32  SCM: Total Effects

32.1 Introduction

This tutorial shows how to estimate total, direct, and indirect effects in a nonlinear structural causal model (SCM) using frequentist methods only (i.e. non Bayesian), with mgcv::gam() as the primary modeling tool. The example is built to be scientifically defensible rather than merely predictive. Like you would do for a scientific manuscript, this tutorial:

  1. states the causal DAG explicitly
  2. uses dagitty to define the adjustment set for the total effect
  3. simulates data from a known SCM with both linear and nonlinear edges
  4. includes two crossed random effects (site and observer)
  5. estimates direct and indirect effects by g-computation, not by multiplying coefficients (next section)

Again, note that the first workflow you will be exposed to is entirely frequentist (something with which you are already familiar).

  • mgcv::gam() for structural equations,
  • AIC for pathway model (i.e. sub-model) comparison where appropriate
  • bootstrap resampling for uncertainty in g-computation (next section)

This section introduces a few key ideas using simple math. Do not worry. We will walk through the process step by step. We will cover the total effect, the direct effect (controlling for both mediators and confounders), and the indirect effect.
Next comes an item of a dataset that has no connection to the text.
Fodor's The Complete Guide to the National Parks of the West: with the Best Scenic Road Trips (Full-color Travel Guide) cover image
Although causal decomposition (e.g., via g-computation) allows us to separate direct and indirect effects, we begin with the total effect and then, in the next tutorial, will cover formal causal decomposition. This is typically the first model you fit when addressing a broad causal question, before examining specific pathways or mediation.

WarningCentering and scaling of predictors is usually recommended.
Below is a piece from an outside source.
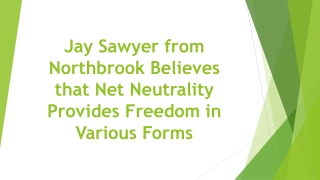 Jay Sawyer from Northbrook Believes that Net Neutrality Provides Freedom in Various Forms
In usual analyses, it is generally advisable for all predictors that appear on the right-hand side of equations to be centered and scaled before fitting the final structural equations. This is done for the following practical reasons:

  • it makes optimization and estimation more stable
  • it puts predictors on comparable numerical ranges
  • it reduces problems when some predictors are measured in very different units (this is the main reason)
  • it makes intervention values easier to define (oh wait, this is the main reason)
  • and it often helps smooth terms and random effects behave more predictably

The final outcome Y is kept on its raw scale so the estimated causal contrasts remain interpretable in the original outcome units.
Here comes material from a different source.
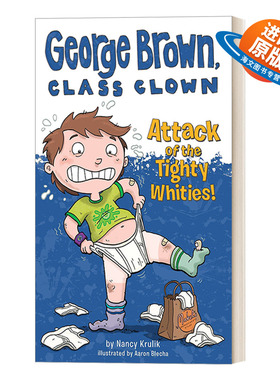 英文原版 Attack of the Tighty Whities! #7 乔治布朗系列7 校园搞笑王 儿童章节书桥梁书 插画Aaron Blecha 英文版 进口原版书籍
That is the key rule here:

Standardize predictors for estimation convenience; keep the final outcome on its natural scale for interpretation.

32.2 The scientific setup for this tutorial’s question

For our example, let us consider the following example (not a jackalope example). Suppose our primary goal is to test for the causal effect of an exposure X on a continuous outcome Y.

A baseline confounder C affects both X and Y, and also affects mediator M1. The effect of X on Y is partly direct and partly transmitted through two mediators:

  • X -> M1 -> M2 -> Y
  • X -> M2 -> Y

We also allow repeated observations arising from two crossed grouping factors (which become crossed random effects in our model):

  • site
  • observer

These are not nested. Each observer can appear at multiple sites, and each site can be visited by multiple observers. Crossed –rather than nested– random effects are used in this example just to make the AIC comparisons a bit more interesting.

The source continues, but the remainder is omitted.